**Problem details**
Without including any pictures, write out all the records word for word.

**Data extract**
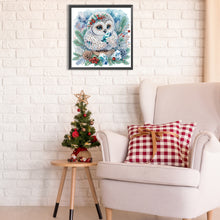 Load image into Gallery viewer, Diamond Painting - Partial Special Shaped - winter owl (30*30CM)
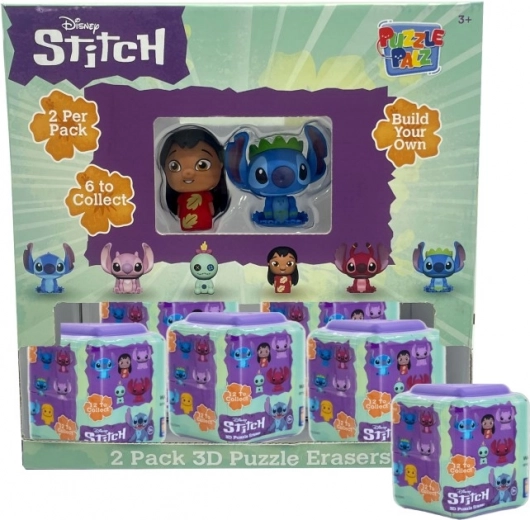 Figure in gomma Lilo & Stitch – set da 2 pezzi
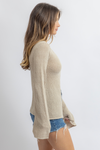 OLLIE SAND KNIT TOP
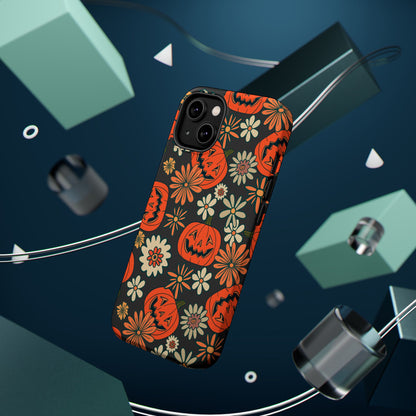 Pumpkin Floral iPhone Case
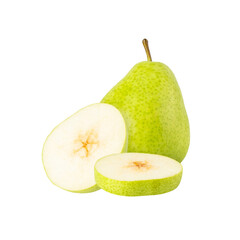 Pear cutout, full depth of field.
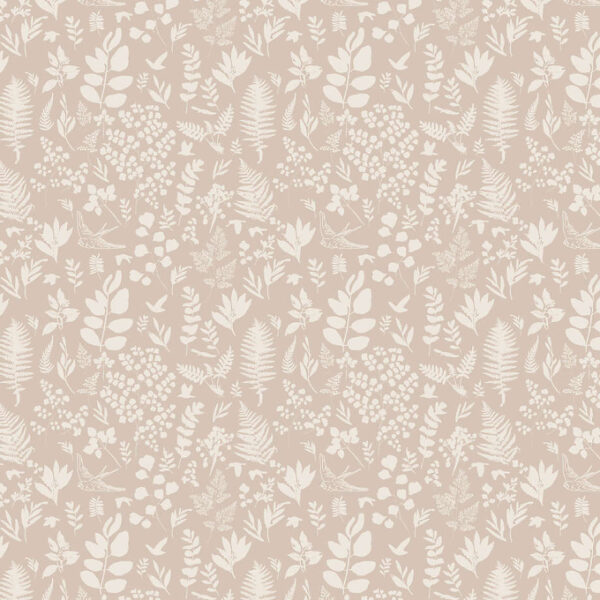 Chasing Paper Blush Pink Fern Peel and Stick Wallpaper 2'x8'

**Answer space**
 Load image into Gallery viewer, Diamond Painting - Partial Special Shaped - winter owl (30*30CM)
 Figure in gomma Lilo & Stitch – set da 2 pezzi
 OLLIE SAND KNIT TOP
 Pumpkin Floral iPhone Case
 Pear cutout, full depth of field.
 Chasing Paper Blush Pink Fern Peel and Stick Wallpaper 2'x8'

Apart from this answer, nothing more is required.